Now, Union Pacific and Norfolk Southern want to merge into the largest freight railroad in North American history. And if history is any guide, our most overburdened communities will be asked to absorb the consequences once again.
Not Another Houston means exactly what it says. Not another generation of decisions made over our heads. Not another infrastructure project that treats the East End and Fifth Ward as the path of least resistance. Not another empty promise.
This fight isn’t over, and neither are we.
Not another Houston
Houston Has Been Here Before — and the STB Knows It
When the STB approved the CPKC merger in 2023, Houston’s East End was already under strain from three active rail corridors forming what residents call the “train trap triangle.”

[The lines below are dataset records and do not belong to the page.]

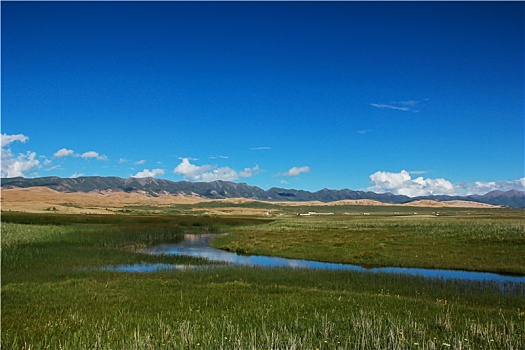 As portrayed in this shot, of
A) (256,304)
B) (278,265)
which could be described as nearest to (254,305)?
(256,304)

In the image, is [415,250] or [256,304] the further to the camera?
[415,250]

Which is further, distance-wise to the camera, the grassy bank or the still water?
the grassy bank

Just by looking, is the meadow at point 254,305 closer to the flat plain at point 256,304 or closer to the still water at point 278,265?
the flat plain at point 256,304

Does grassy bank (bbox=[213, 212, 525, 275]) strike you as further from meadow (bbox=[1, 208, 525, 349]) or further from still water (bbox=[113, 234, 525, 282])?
still water (bbox=[113, 234, 525, 282])

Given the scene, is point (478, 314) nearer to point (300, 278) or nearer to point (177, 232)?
point (300, 278)

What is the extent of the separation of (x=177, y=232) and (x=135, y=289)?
4925cm

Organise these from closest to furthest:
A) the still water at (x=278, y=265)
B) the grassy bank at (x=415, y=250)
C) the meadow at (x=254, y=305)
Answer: the meadow at (x=254, y=305) < the still water at (x=278, y=265) < the grassy bank at (x=415, y=250)

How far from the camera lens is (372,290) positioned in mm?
22516

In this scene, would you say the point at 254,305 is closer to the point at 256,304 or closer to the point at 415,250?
the point at 256,304

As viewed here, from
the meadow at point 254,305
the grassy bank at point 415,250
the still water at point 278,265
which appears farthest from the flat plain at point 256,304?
the still water at point 278,265

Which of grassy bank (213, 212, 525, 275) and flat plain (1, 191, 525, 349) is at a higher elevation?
flat plain (1, 191, 525, 349)

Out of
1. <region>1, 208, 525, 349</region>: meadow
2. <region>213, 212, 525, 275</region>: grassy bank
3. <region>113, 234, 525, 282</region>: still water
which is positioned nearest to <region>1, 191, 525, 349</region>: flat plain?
<region>1, 208, 525, 349</region>: meadow

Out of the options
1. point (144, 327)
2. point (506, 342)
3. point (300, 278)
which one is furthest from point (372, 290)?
point (144, 327)

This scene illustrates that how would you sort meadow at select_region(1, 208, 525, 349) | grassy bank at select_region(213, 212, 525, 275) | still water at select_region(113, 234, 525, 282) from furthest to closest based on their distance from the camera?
grassy bank at select_region(213, 212, 525, 275)
still water at select_region(113, 234, 525, 282)
meadow at select_region(1, 208, 525, 349) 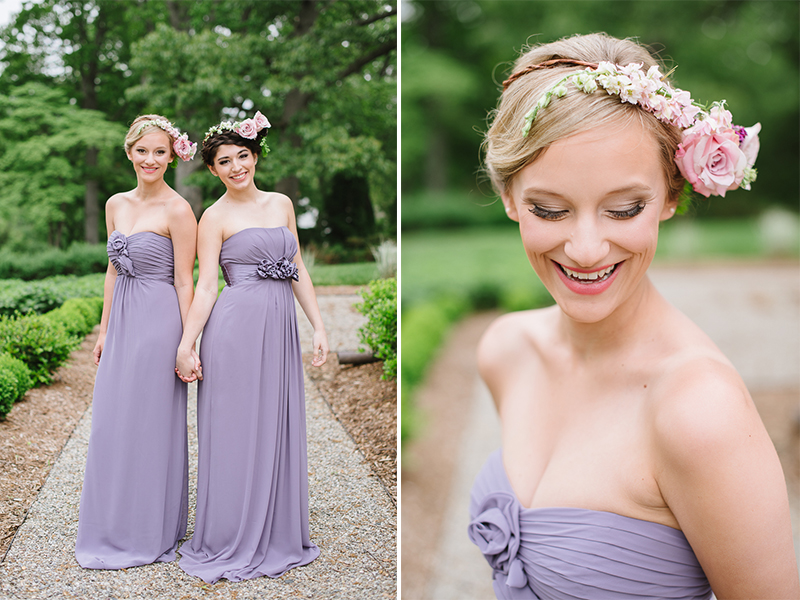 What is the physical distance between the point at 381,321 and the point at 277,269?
804mm

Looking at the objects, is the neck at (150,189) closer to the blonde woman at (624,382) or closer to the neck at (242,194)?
the neck at (242,194)

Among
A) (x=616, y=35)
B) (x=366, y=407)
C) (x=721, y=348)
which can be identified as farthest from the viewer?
(x=616, y=35)

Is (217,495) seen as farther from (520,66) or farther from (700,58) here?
(700,58)

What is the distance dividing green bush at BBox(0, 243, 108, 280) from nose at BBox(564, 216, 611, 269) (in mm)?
1971

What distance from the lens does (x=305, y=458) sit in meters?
2.66

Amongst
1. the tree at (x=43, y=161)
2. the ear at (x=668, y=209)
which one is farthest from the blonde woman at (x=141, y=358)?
the ear at (x=668, y=209)

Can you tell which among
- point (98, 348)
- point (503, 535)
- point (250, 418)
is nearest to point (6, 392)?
point (98, 348)

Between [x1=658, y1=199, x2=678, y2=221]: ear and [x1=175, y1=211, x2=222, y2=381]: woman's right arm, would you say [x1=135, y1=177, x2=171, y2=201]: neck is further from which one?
[x1=658, y1=199, x2=678, y2=221]: ear

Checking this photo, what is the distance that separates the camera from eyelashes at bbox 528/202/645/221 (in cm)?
168

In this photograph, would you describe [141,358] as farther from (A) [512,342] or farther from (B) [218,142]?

The STB acknowledged the risk, warning that if CPKC’s traffic increases proved worse than projected, it would step in to address congestion in Houston. It imposed no proactive infrastructure requirements.
Harris County Commissioner Rodney Ellis called it out directly during those proceedings: it is “morally imperative” that the impact on Houston’s most vulnerable communities be fully studied before a merger moves forward. It wasn’t then. It hasn’t been since.
The result? A 10-minute blocked crossing reporting threshold that emergency responders say is dangerously inadequate. Waste removal is blocked from reaching landfills. Children are climbing through stalled rail cars to get to school. And now, a proposed UP-NS merger that would dwarf CPKC in scale — running through the same corridors, through the same neighborhoods, with the same communities bearing the cost.
The STB said it didn’t want Houston to become a problem. It already is one. The UP-NS merger cannot move forward without enforceable, community-level protections for Houston’s East End — not promises, not liaison committees, not a 10-minute rule. Real conditions. Real accountability.